#### Data for this task
= Beginning of Section =
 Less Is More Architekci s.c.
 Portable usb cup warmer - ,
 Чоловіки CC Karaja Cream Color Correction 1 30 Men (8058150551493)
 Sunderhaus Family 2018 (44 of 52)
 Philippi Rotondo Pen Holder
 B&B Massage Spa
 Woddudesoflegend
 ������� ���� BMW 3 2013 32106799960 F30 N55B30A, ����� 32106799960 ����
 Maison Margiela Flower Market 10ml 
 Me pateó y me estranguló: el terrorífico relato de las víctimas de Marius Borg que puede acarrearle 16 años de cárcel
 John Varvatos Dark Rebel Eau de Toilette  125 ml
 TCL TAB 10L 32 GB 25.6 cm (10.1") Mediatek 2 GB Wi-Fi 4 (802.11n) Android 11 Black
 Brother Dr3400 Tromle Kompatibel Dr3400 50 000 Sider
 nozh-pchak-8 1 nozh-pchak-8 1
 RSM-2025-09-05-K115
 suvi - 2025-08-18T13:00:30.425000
= End of Section =
= Beginning of Section =
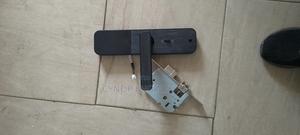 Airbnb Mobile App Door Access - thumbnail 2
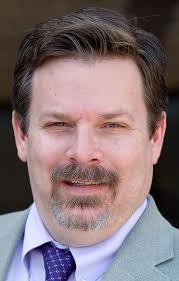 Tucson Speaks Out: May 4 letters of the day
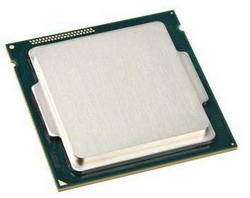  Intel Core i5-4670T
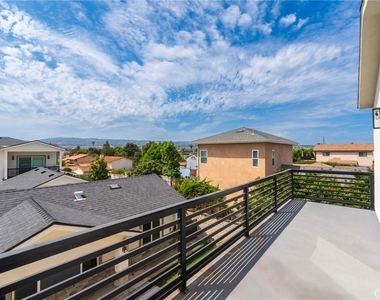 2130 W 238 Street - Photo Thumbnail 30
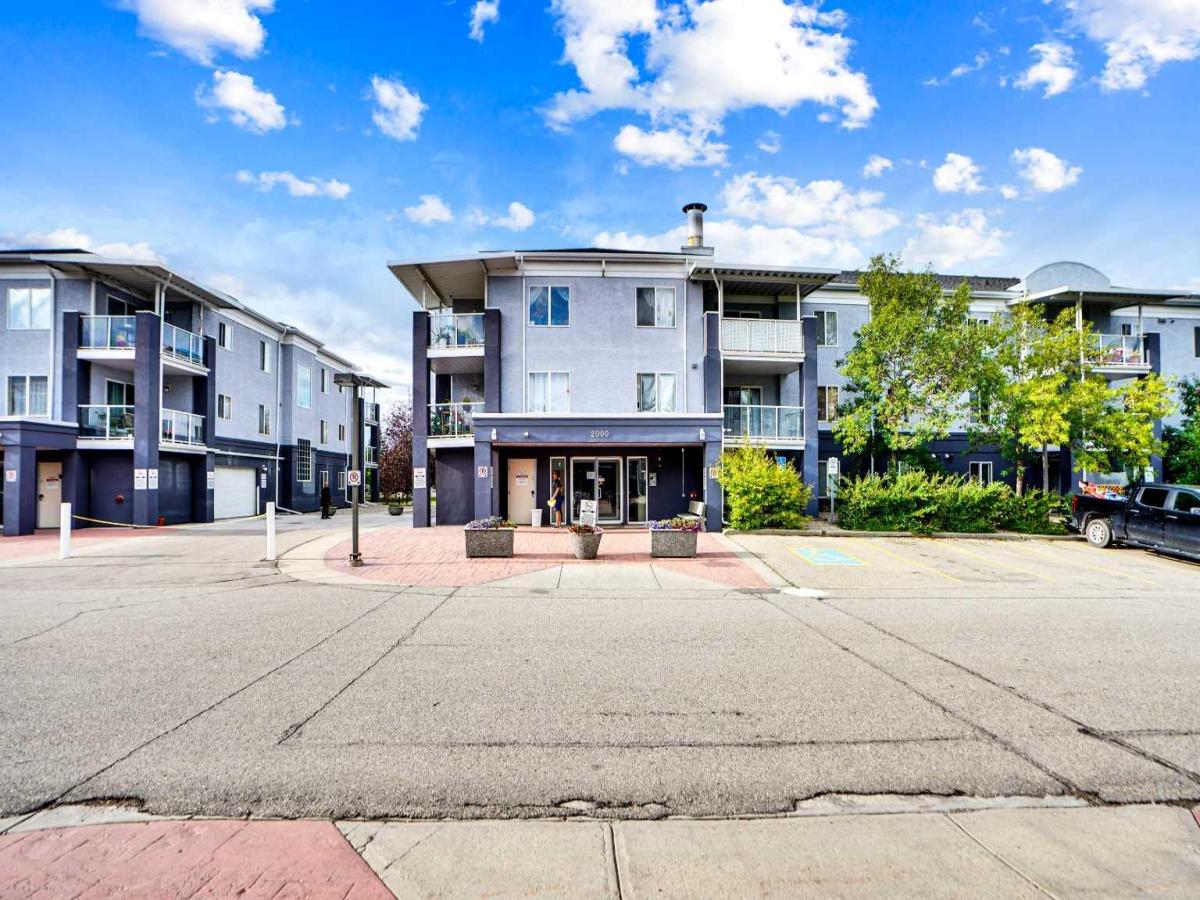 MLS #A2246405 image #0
= End of Section =
= Beginning of Section =
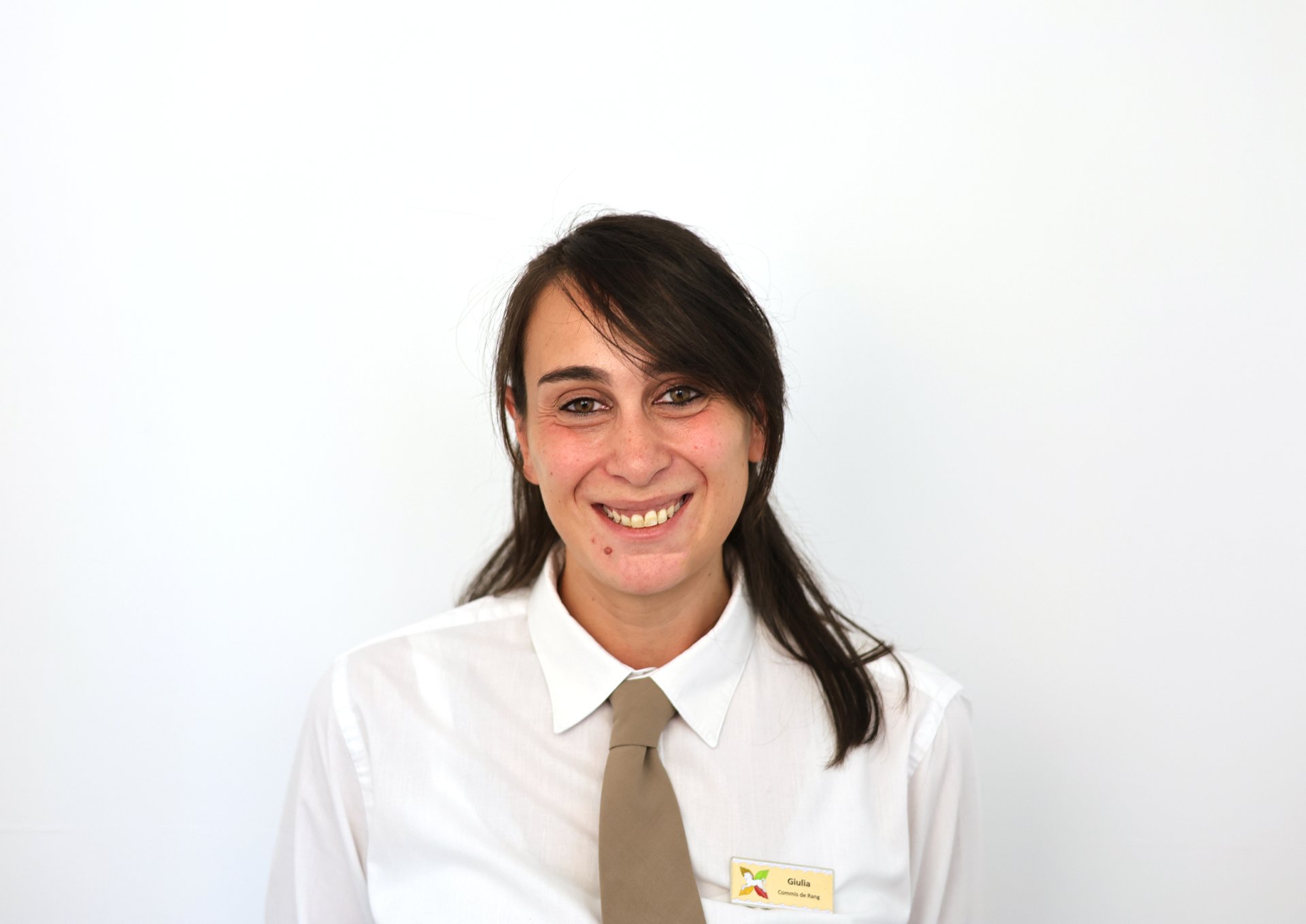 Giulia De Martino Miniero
= End of Section =
#### What to do
In the listing above, locate the line containing "Maison Margiela Flower Market 10ml" and the line containing "suvi - 2025-08-18T13:00:30.425000". Transcribe those two lines and everything between them, exactly as written.

#### Exercise output
 Maison Margiela Flower Market 10ml 
 Me pateó y me estranguló: el terrorífico relato de las víctimas de Marius Borg que puede acarrearle 16 años de cárcel
 John Varvatos Dark Rebel Eau de Toilette  125 ml
 TCL TAB 10L 32 GB 25.6 cm (10.1") Mediatek 2 GB Wi-Fi 4 (802.11n) Android 11 Black
 Brother Dr3400 Tromle Kompatibel Dr3400 50 000 Sider
 nozh-pchak-8 1 nozh-pchak-8 1
 RSM-2025-09-05-K115
 suvi - 2025-08-18T13:00:30.425000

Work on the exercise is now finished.